◆ INFORMATION:
*** Block opens ***

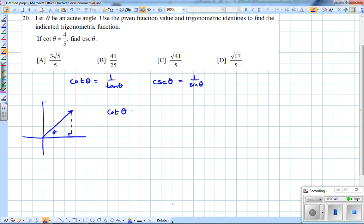Cotangent of theta is equal to 4 over 5. I'm going to use the tangent of theta as the reciprocal of this, which is 5 over 4. So tangent of theta is opposite over adjacent. Opposite this acute angle theta I'm going to label 5, and adjacent I'm going to label 4.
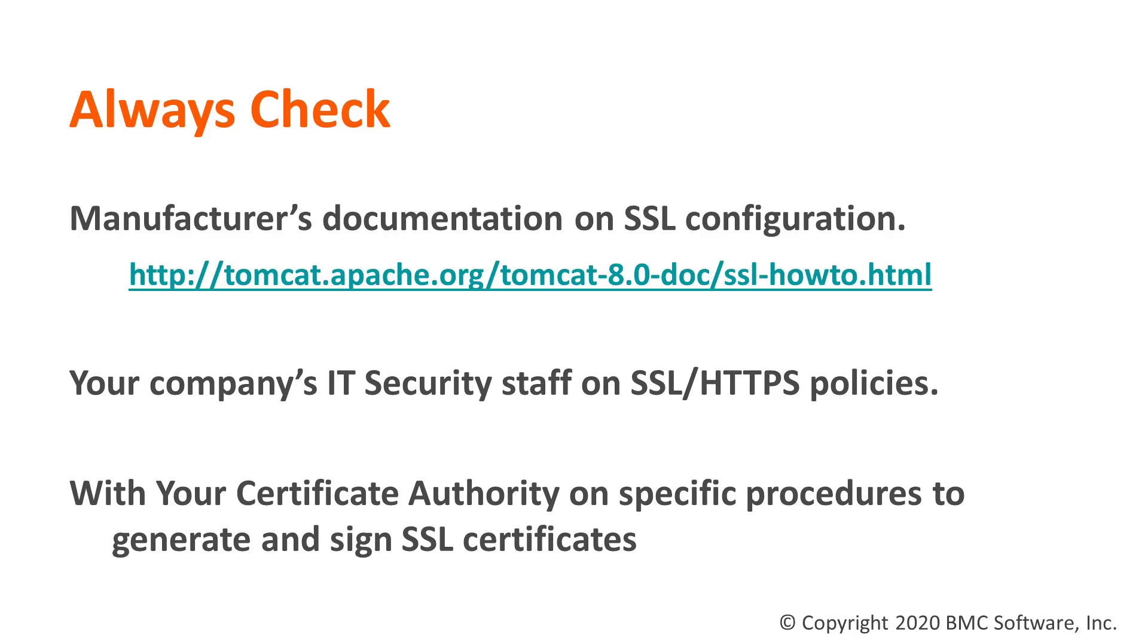And finally, always check with your certificate authority on specific procedures or parameters to implement your certificate correctly. Sometimes certificate authorities may require parameters to be specifically used in order for their certificate to work. So it's always good to consult their documentation on how to implement their certificate.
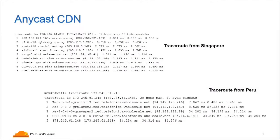Here is an example — it may be a little small on the screen, but you can see there is a trace route to the same IP address. In the top example, it's coming from Singapore and going to a Singapore node, around one millisecond away. In the bottom example, there's a trace route coming from Peru going to our node in Valparaiso, Chile, around 30 milliseconds. So you can see we're using the same IP address but the latency is very different — there are unique instances of that IP address running in different locations. This is critical to how Anycast traffic works.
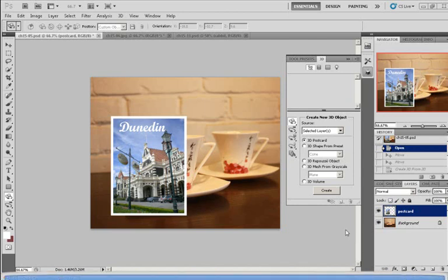Now there are many ways to create a 3D object. The first one I'm going to demonstrate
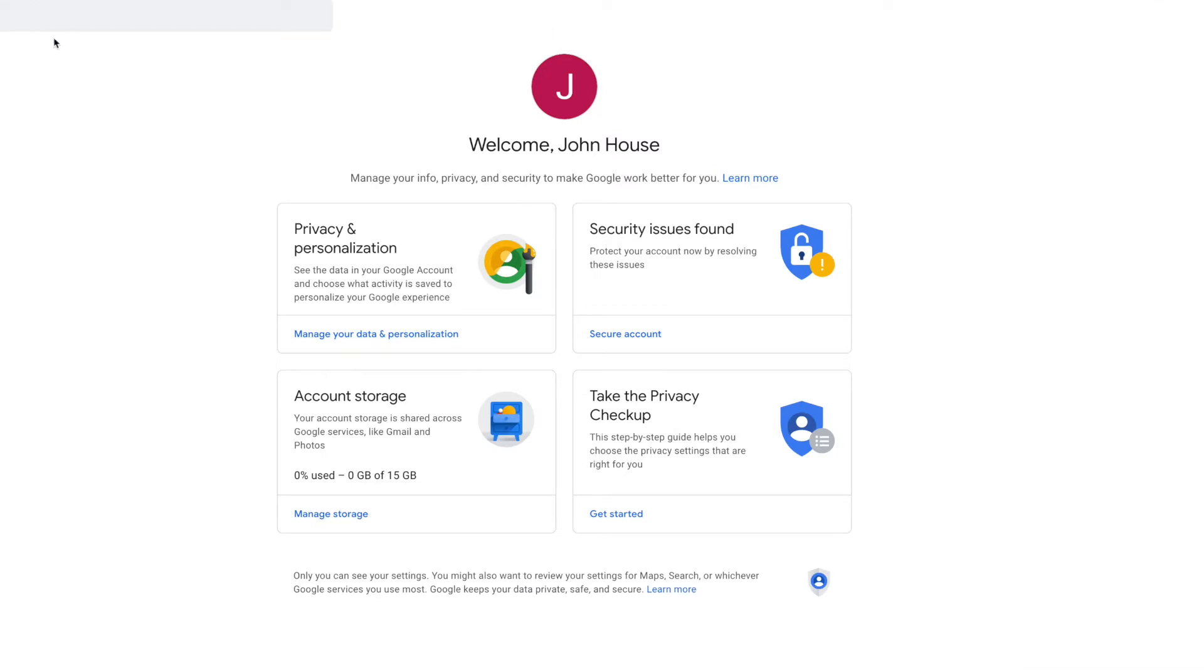And so what we're going to do is we're going to go to our homepage, which we're already in, and then we're going to slide over to Security Issues Found. You can see there's a little thing here because we didn't set up a recovery email or a recovery phone number.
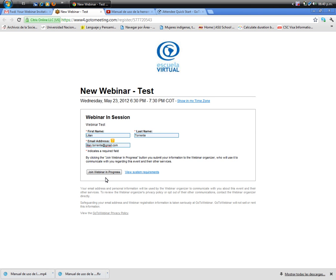You can then join the webinar at the scheduled time by clicking the join a webinar button or link in your confirmation email, which will be automatically sent to you after registering.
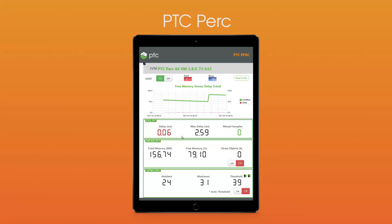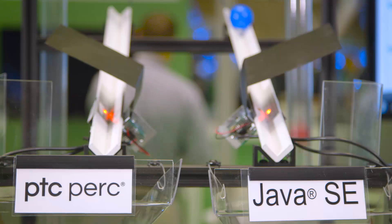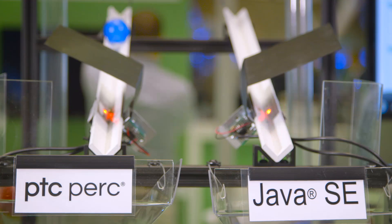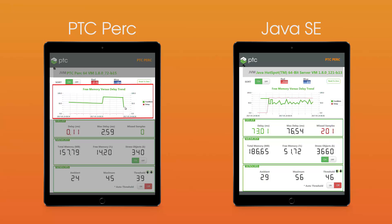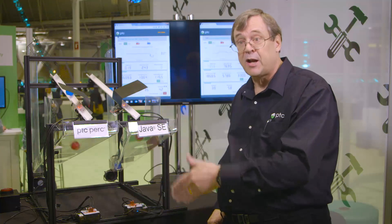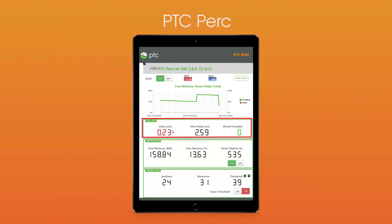Now let's switch to the PTC PERC side. We turn on the stressor — generating the same number of dead objects per second, forcing the garbage collector in the PTC PERC VM to run. You can see the green line on the top dropping as free memory falls, then the GC makes it bounce back up as it collects the dead objects. It oscillates just like the Java side, but the delay value stays very low.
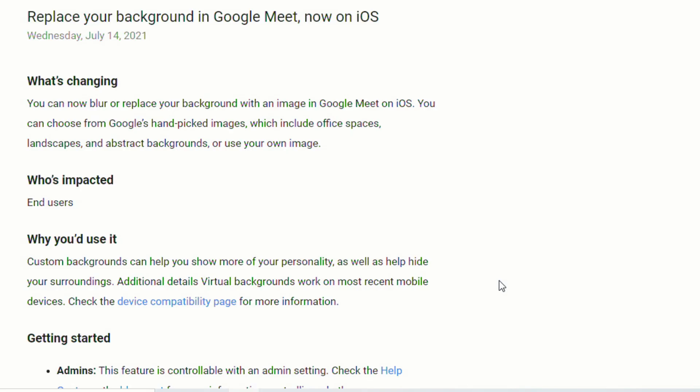A big update that was announced back in July is that now users who are on iOS, so if they have like an iPhone, they can also replace the background in Google Meet. I know this was something that I got so many comments about asking when people will be able to do that, if there was any way they could do that. Previously, there was not, but now if you are on an iPhone, you'll be able to blur or replace the background with an image, and you can start using that immediately. So you can choose from either one of Google's handpicked images, or you can use your own.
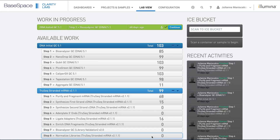In this video we are going to review one of the three ways to accession samples into Clarity LIMS. This video will demonstrate how to use an Excel template to batch upload samples into a project.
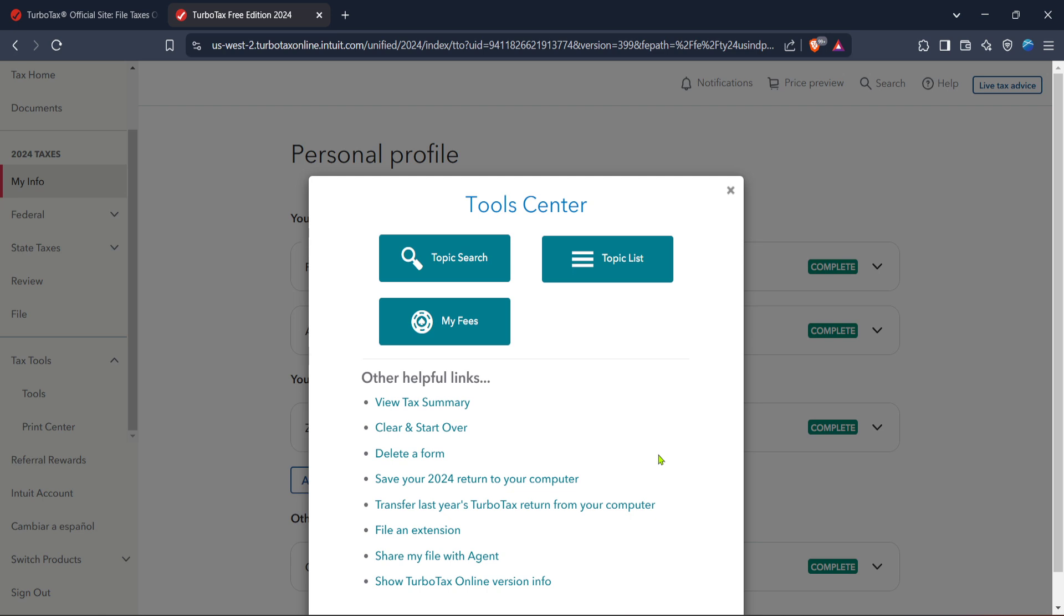And there you have it. With these steps, you should be well on your way to correcting errors on TurboTax. By taking advantage of the versatile tools and options built into the platform, you can ensure a smoother filing experience. Remember, patience and attentiveness are your allies in navigating any software, especially when tackling your taxes. Thanks for watching and happy filing.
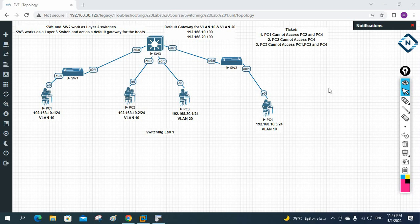Hello everyone. We will start a new playlist where we are going to discuss troubleshooting. Most of our students are requesting this because they are facing challenges in real scenarios. We are going to create a troubleshooting lab for CCNA and CCNP. The basic requirement is that you should know CCNA and CCNP. If you have that concept, you can easily understand this. I will also cover some basic stuff, but if you haven't watched our CCNA/CCNP videos, you should watch those first.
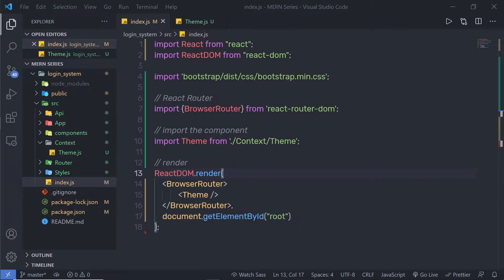In the previous lecture, we learned how to work with the Context API in a class component. What if you can also use the Context API in a functional component? Yes, there is a way to use the Context API in a functional component using hooks. Hooks are everywhere in React applications. Let's take a look at a very simple example.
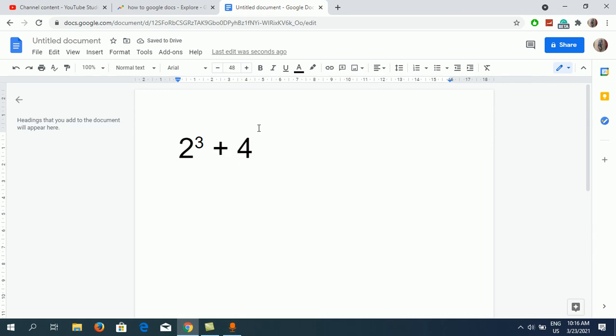So this is how you can write exponents. Thank you for watching the video. Please like it and subscribe to my YouTube channel for more videos just like this. Thank you.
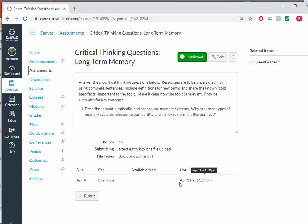One thing to be careful about when you use the until deadline is that if you move the due date for an assignment on the calendar, it'll update when it's due, but it won't change the until. So that can sometimes have some unexpected consequences. So sometimes it's just best to leave the until blank and only put a due date.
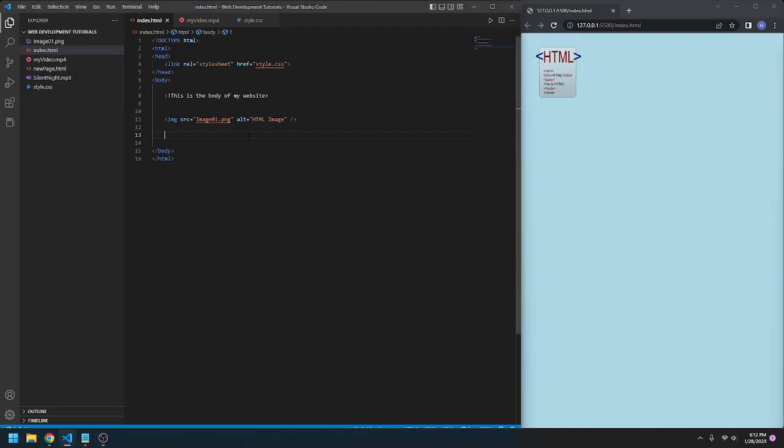Hello, today we are going to talk about lists in an HTML document. A list can be useful if you're giving instructions or something like that.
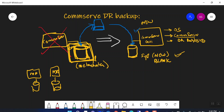This is how important your SQL database is. In short, you need to make sure you are backing up the SQL database of your CommServe on a daily basis. The backup of the SQL database of your CommServe is referred to as the DR backup in CommVault.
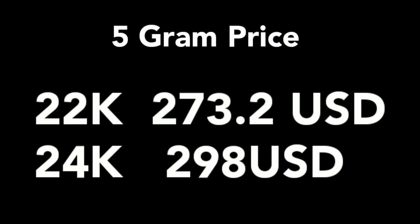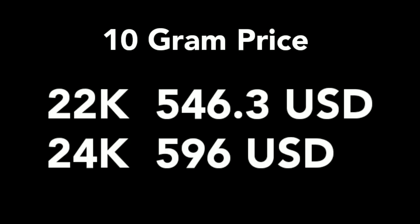Secondly, five gram price of 22 carat is $273.2 and 24 carat gold price is $298.0.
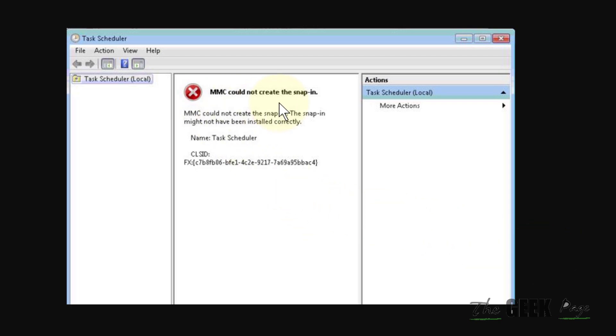Hi guys, if MMC could not create the snap-in, this kind of error you're getting in your Windows 11 computer, then here is the fix.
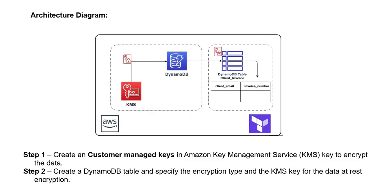Architecture diagram. Step one: I'm going to create the customer-managed key in the AWS KMS portal. Step two: I'm going to create DynamoDB, and I am associating it with my KMS key which I created earlier. So in this case, our data at rest is encrypted.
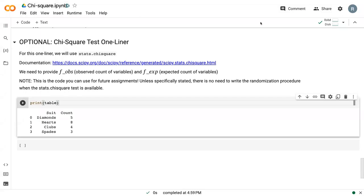In this video, we're going to go over the chi-square test one-line command. This command does what our randomization procedure does, sort of under the hood. So we'd never need to see what's going on, but the basis of both methods is the exact same.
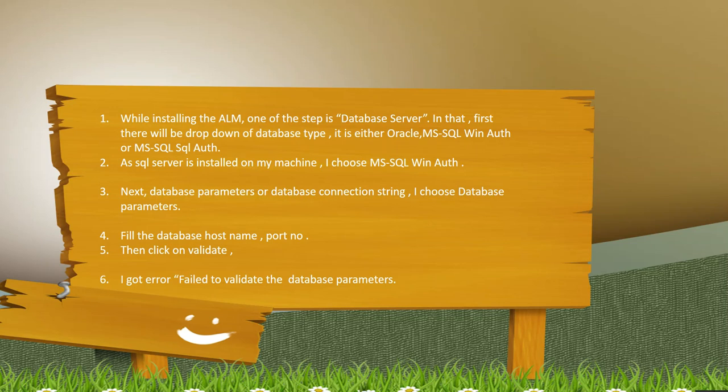Fill the database hostname and port number. Once you fill those details, click on validate. After clicking on validate, I got the error failed to validate the database parameter.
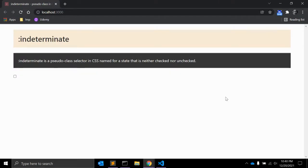Similar to checkboxes, you can also apply the indeterminate state to radio buttons. You apply it at a group level — the entire group is considered to be in an indeterminate state if no option is selected. However, with radio buttons you can't easily show that with a visual effect because you won't be able to see if the radio button is in the indeterminate state.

*** Block closes ***

Starting at the top of the listing above, please restate word for word each line up to and including the one that holds "You can then", omitting every image.

◆ RESPONSE AREA:
Cotangent of theta is equal to 4 over 5. I'm going to use the tangent of theta as the reciprocal of this, which is 5 over 4. So tangent of theta is opposite over adjacent. Opposite this acute angle theta I'm going to label 5, and adjacent I'm going to label 4.
And finally, always check with your certificate authority on specific procedures or parameters to implement your certificate correctly. Sometimes certificate authorities may require parameters to be specifically used in order for their certificate to work. So it's always good to consult their documentation on how to implement their certificate.
Here is an example — it may be a little small on the screen, but you can see there is a trace route to the same IP address. In the top example, it's coming from Singapore and going to a Singapore node, around one millisecond away. In the bottom example, there's a trace route coming from Peru going to our node in Valparaiso, Chile, around 30 milliseconds. So you can see we're using the same IP address but the latency is very different — there are unique instances of that IP address running in different locations. This is critical to how Anycast traffic works.
Now there are many ways to create a 3D object. The first one I'm going to demonstrate
And so what we're going to do is we're going to go to our homepage, which we're already in, and then we're going to slide over to Security Issues Found. You can see there's a little thing here because we didn't set up a recovery email or a recovery phone number.
You can then join the webinar at the scheduled time by clicking the join a webinar button or link in your confirmation email, which will be automatically sent to you after registering.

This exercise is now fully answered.